President Obama’s visit to Cape Canaveral is conveniently set for Tax Day, April 15, and it occurs in a context of general discomfort for all involved. The ostensible purpose is to stop a slow trickle of support flowing away from Obama in a crucial battleground state, which is itself living a political nightmare. The White House won’t admit it, but Florida bears directly on the future of the Obama Agenda, whatever that is.
Obama’s doing damage control after unveiling a package of brutal cuts to NASA and affiliated contractors. Floridians have every reason for concern. With Discovery in orbit right now, there are only three flights remaining in the shuttle schedule. After that, it may be decades before Americans return to space under their own power. With foreign programs also vulnerable to economic or political shifts, and still years behind what we’re set to scrap, mankind has seemingly awakened from a dream that obsessed our ancestors from the days of DaVinci, Icarus and Elijah. And once again, the inspirational legacy of JFK gets pissed away.
Like so many of the catastrophic maneuvers to occur under Obama’s watch, the collapse of America’s space program is hardly his fault.

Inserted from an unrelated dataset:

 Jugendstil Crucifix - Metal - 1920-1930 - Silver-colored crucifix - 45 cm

The cuts being pushed right now were all but inevitable before he was even elected, a result of long-term budgetary trends and the slow-motion disintegration of the country’s overall mechanical capacity. Neither factor was controllable by 2009. The reality is that our commitment to space exploration, in the terms defined by JFK in 1961, effectively died alongside the heroes we lost aboard the Challenger when it blew up in the sky over Florida in 1986.

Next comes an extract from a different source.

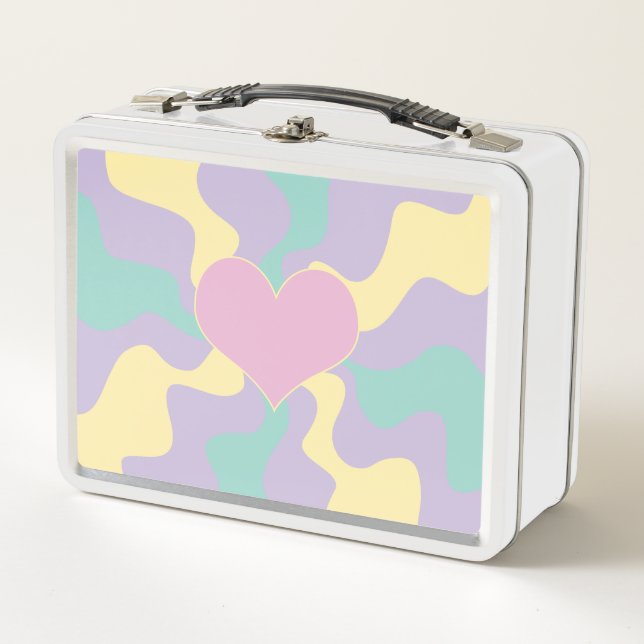 Heart - Pastel Pink, Yellow, Purple and Green Metal Lunch Box (Front)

And let’s be clear, here: The Challenger crew died because of neglect and hubris on the bureaucratic level—defects enshrined, by default, as official policy for the quarter-century that followed. The tragedy that followed, 17 years later, was a logical, inevitable extension of that policy. No serious efforts were ever made to replenish the Shuttle Fleet or modernize the design to reflect changing strategic priorities. The next generation(s) of manned spaceflight will be organized around private industry, with foreign governments (Russia, China, India) performing functions typically associated with NASA. Good luck with that. Obama, at least, has positioned himself as unwilling to put more lives at risk on behalf of goals abandoned before he got there.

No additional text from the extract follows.